Today, the lodge is used by vacationers and for weddings, family events and other large gatherings. Last summer, the lodge had 2,500 guests, Karen Zak said. Four weddings already are scheduled for this summer. Zak fears she will have to cancel the weddings if they lose the lodge.
"These are real-life people who have been planning their wedding for months.

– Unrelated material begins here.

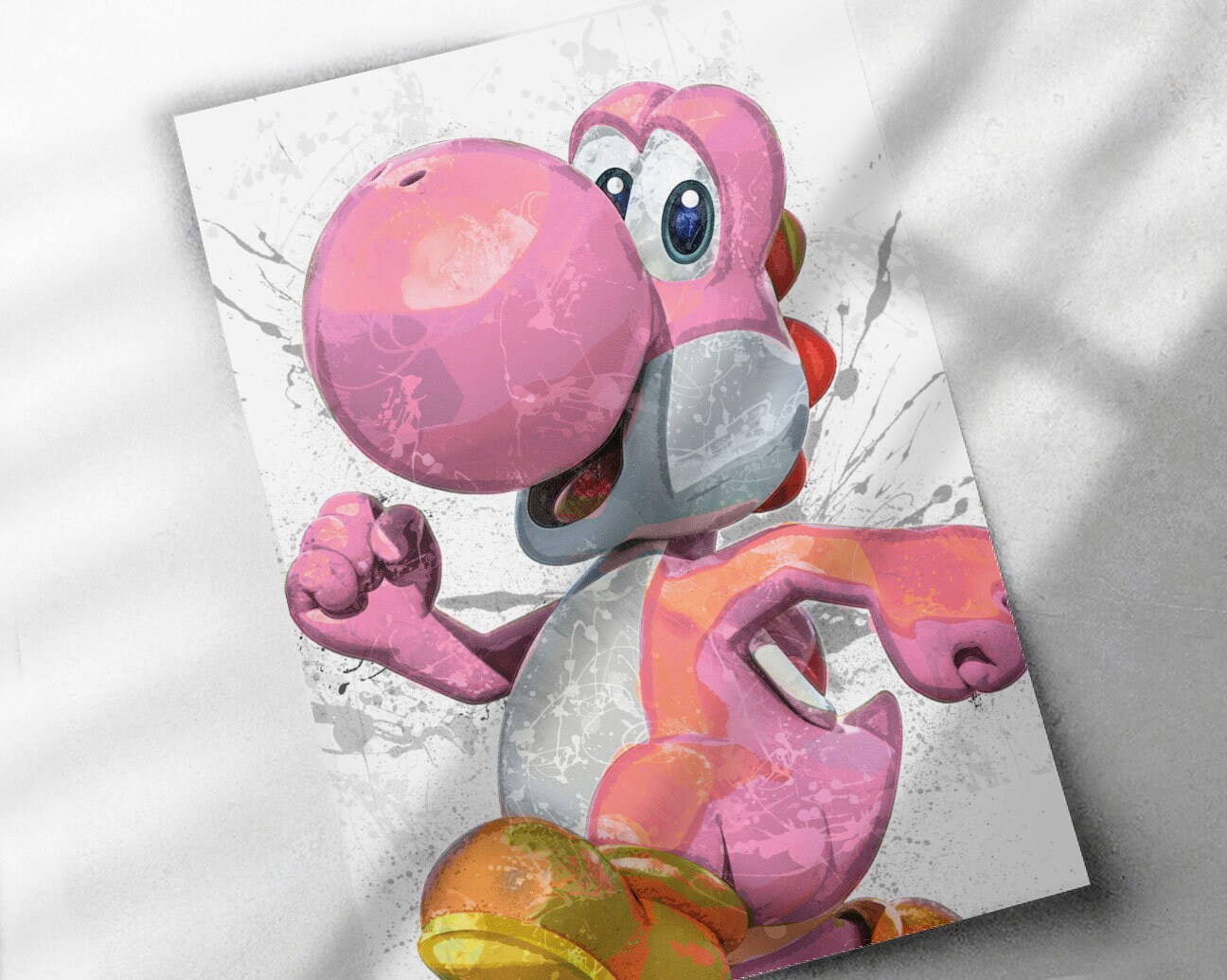 Pink Yoshi Poster, Canvas Wrap, or Framed Canvas Print - Kids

They don't deserve to have this happen," Zak said.
The 4.9-acre riverfront parcel is zoned commercial, but it is surrounded by thousands of acres preserved under conservation easements through the Sawtooth National Recreation Area.
The Zaks had worked with the U.S. Forest Service to draft a conservation easement for their land to protect it from overdevelopment, but the easement had not yet been put in place when First Bank failed.
"This is not just another property lost to a foreclosure ... It is a historical site in a commercially zoned spot," Zak said. "Someone could come into that view corridor and destroy that beautiful piece of property."
Zak contends the FDIC's policies led to their "performing loan" being reclassified as a "nonperforming" one.
Seasonal businesses often rely on a line of credit or other financing to help make ends meet when cash flows decline during slack periods between the winter recreation season and summer tourist season.
Local banks frequently work with their clients to customize financing plans to accommodate these seasonal fluctuations, said Bryan Furlong, a former First Bank of Idaho president who now works at Zions Bank in Ketchum.
When the Zaks bought out their partners in 2006, the lodge was appraised at $1.3 million. The Zaks got an $890,000 mortgage and a $92,500 equity reserve account through First Bank of Idaho. The equity reserve account was used to make half of each month's $5,600 payment during slow months.